**Exercise description**
Nothing but the lines from the start of the records below through the line that has "RAM 1500 ST 2017" should appear, each exactly as given.

[Caption-style text data]

=== Begin Enclosure ===

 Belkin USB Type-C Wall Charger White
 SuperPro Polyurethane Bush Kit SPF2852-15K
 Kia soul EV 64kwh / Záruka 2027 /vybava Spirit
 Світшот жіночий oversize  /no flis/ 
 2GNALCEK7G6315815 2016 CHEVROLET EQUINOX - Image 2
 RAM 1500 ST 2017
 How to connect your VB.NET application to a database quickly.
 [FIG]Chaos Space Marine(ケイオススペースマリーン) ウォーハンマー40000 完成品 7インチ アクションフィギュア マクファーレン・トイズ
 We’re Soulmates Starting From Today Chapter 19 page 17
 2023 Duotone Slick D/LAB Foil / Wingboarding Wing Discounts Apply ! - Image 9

=== End Enclosure ===

**Task response**
 Belkin USB Type-C Wall Charger White
 SuperPro Polyurethane Bush Kit SPF2852-15K
 Kia soul EV 64kwh / Záruka 2027 /vybava Spirit
 Світшот жіночий oversize  /no flis/ 
 2GNALCEK7G6315815 2016 CHEVROLET EQUINOX - Image 2
 RAM 1500 ST 2017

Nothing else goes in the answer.